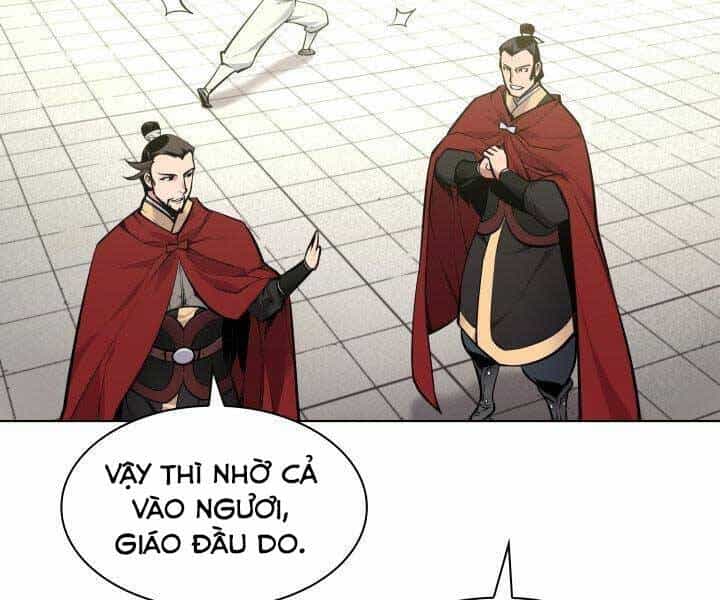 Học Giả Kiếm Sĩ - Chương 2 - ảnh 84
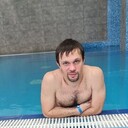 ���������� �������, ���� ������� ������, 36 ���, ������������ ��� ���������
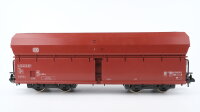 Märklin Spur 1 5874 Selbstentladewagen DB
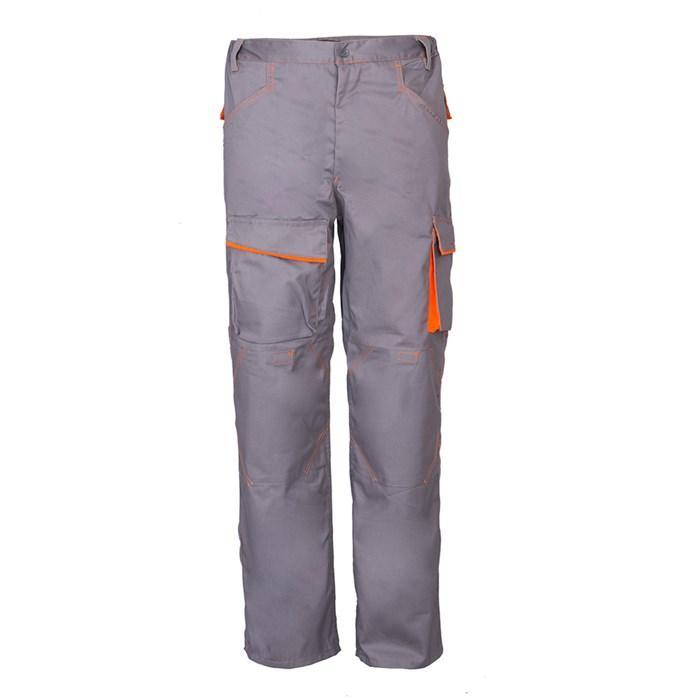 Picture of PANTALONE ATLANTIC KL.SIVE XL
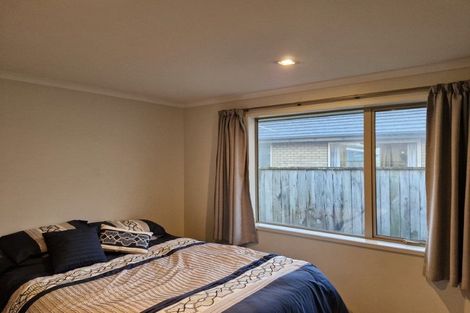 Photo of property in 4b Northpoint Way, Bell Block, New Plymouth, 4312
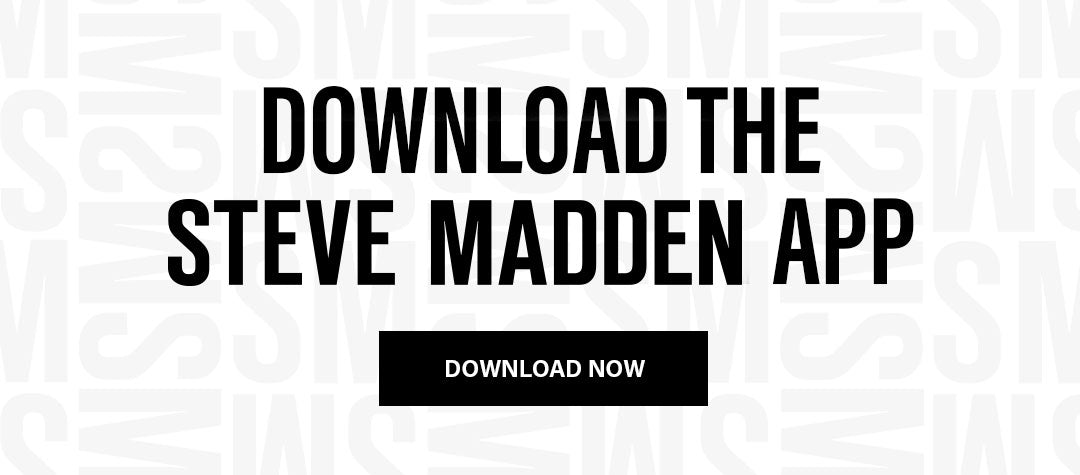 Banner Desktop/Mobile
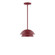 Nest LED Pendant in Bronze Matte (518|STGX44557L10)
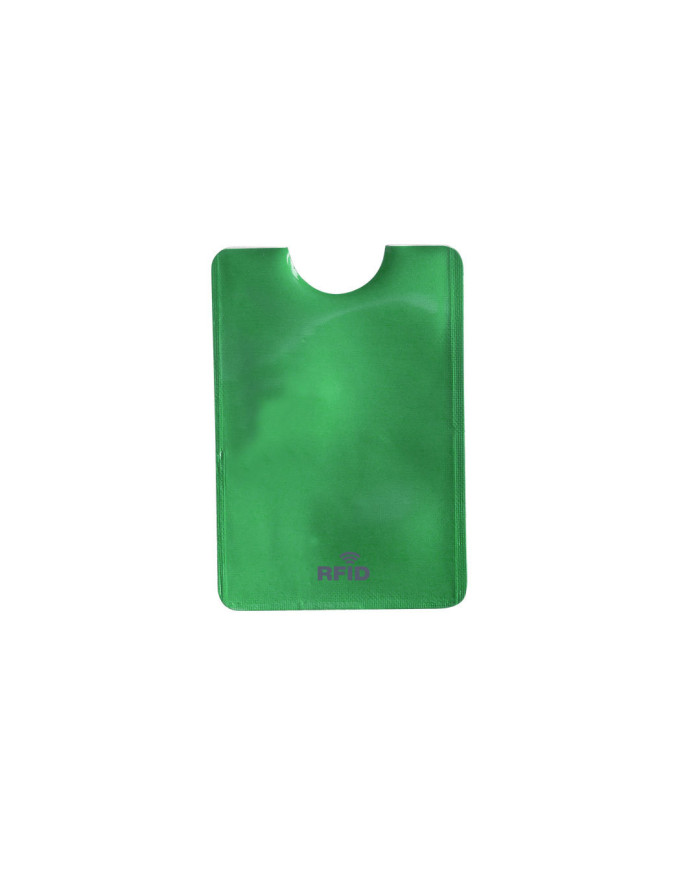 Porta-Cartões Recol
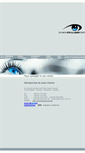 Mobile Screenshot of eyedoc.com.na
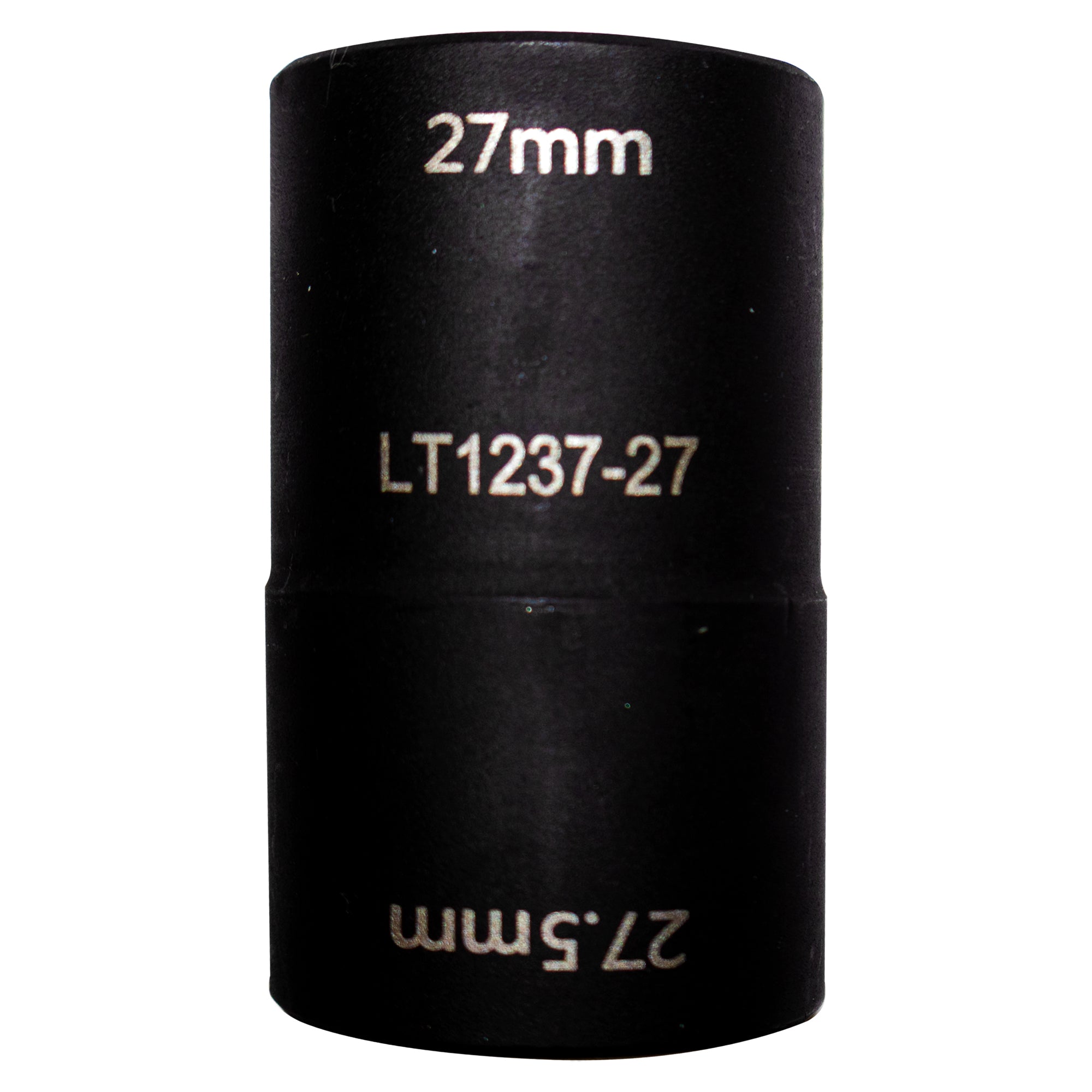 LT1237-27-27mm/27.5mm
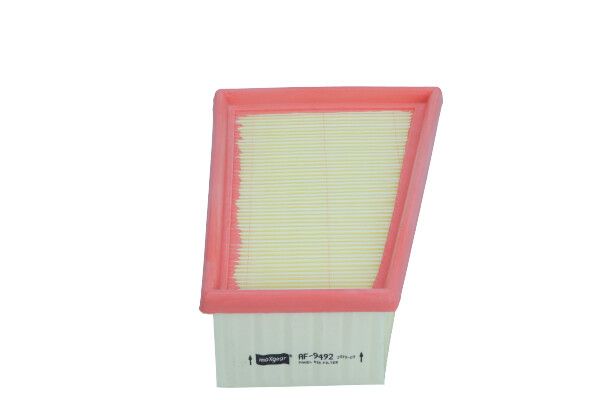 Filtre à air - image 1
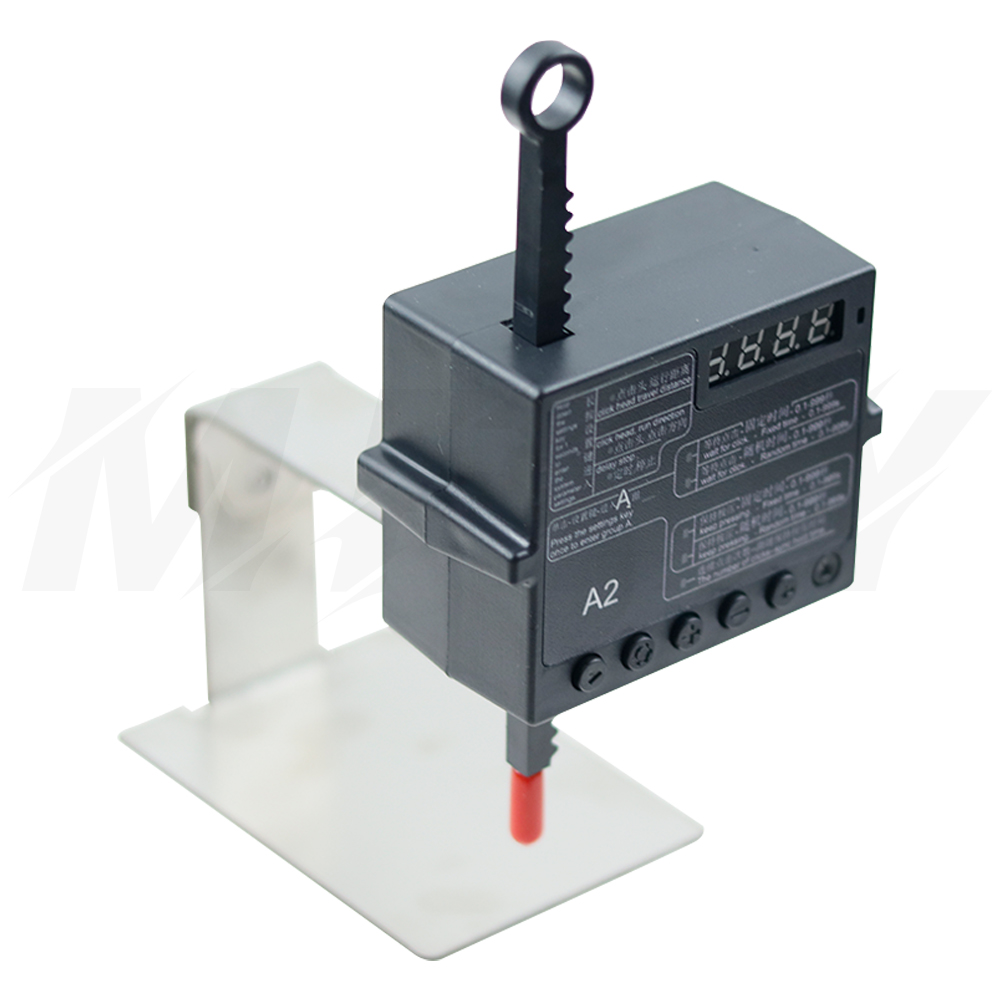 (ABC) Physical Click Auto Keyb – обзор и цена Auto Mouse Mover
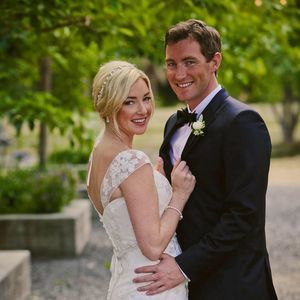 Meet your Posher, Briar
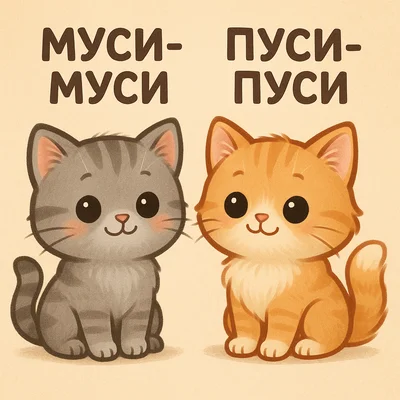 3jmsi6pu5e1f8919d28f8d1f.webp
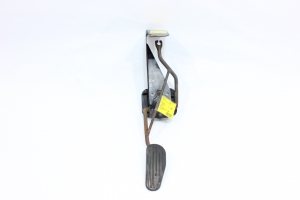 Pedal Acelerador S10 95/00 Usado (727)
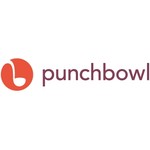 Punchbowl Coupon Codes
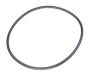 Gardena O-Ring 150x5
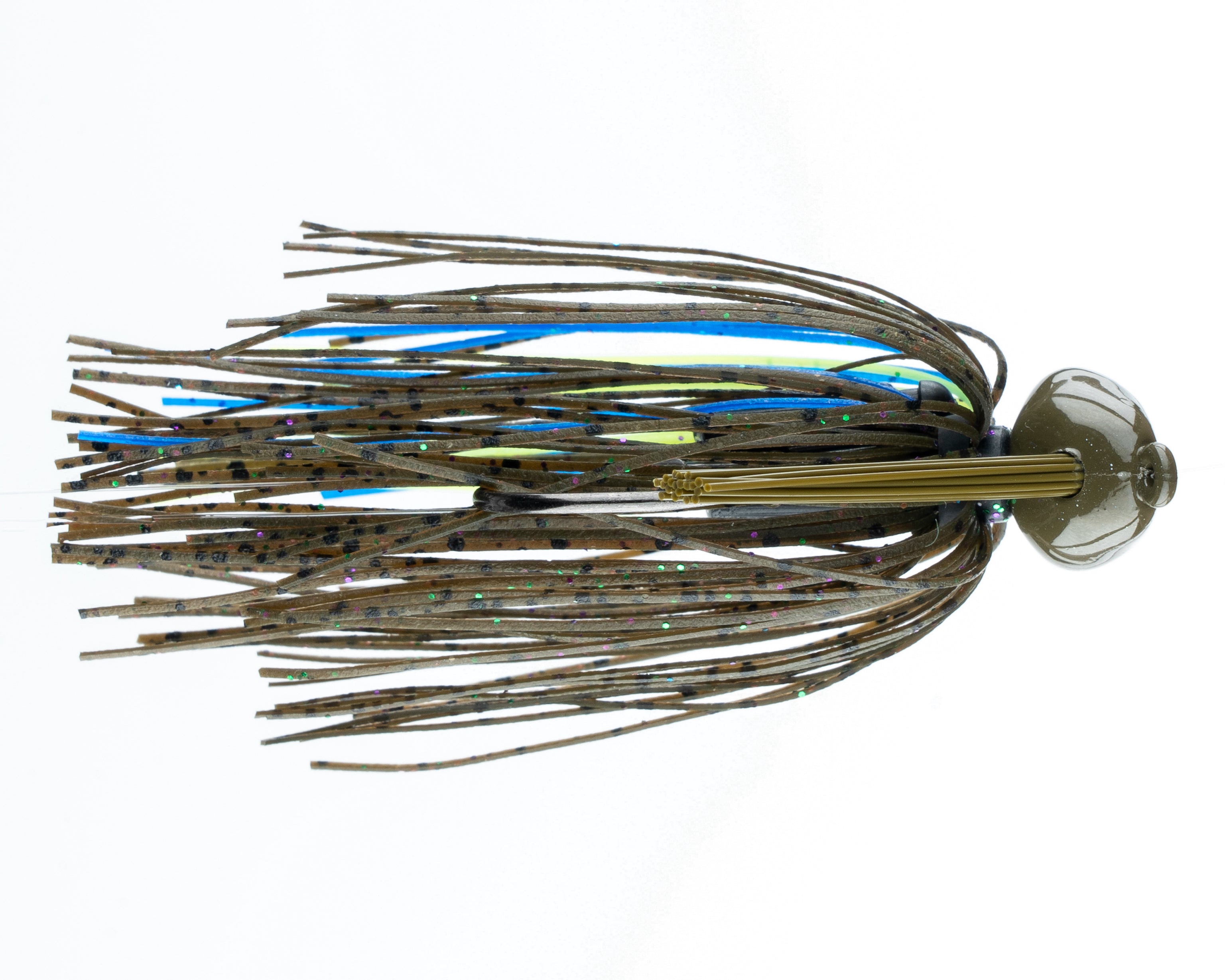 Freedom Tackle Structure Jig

────────────────

Please give the data above again in exact form and omit every picture.

**RESPONSE BELOW:**
 Học Giả Kiếm Sĩ - Chương 2 - ảnh 84
 ���������� �������, ���� ������� ������, 36 ���, ������������ ��� ���������
 Märklin Spur 1 5874 Selbstentladewagen DB
 Picture of PANTALONE ATLANTIC KL.SIVE XL
 Photo of property in 4b Northpoint Way, Bell Block, New Plymouth, 4312
 Banner Desktop/Mobile
 Nest LED Pendant in Bronze Matte (518|STGX44557L10)
 Porta-Cartões Recol
 Mobile Screenshot of eyedoc.com.na
 LT1237-27-27mm/27.5mm
 Filtre à air - image 1
 (ABC) Physical Click Auto Keyb – обзор и цена Auto Mouse Mover
 Meet your Posher, Briar
 3jmsi6pu5e1f8919d28f8d1f.webp
 Pedal Acelerador S10 95/00 Usado (727)
 Punchbowl Coupon Codes
 Gardena O-Ring 150x5
 Freedom Tackle Structure Jig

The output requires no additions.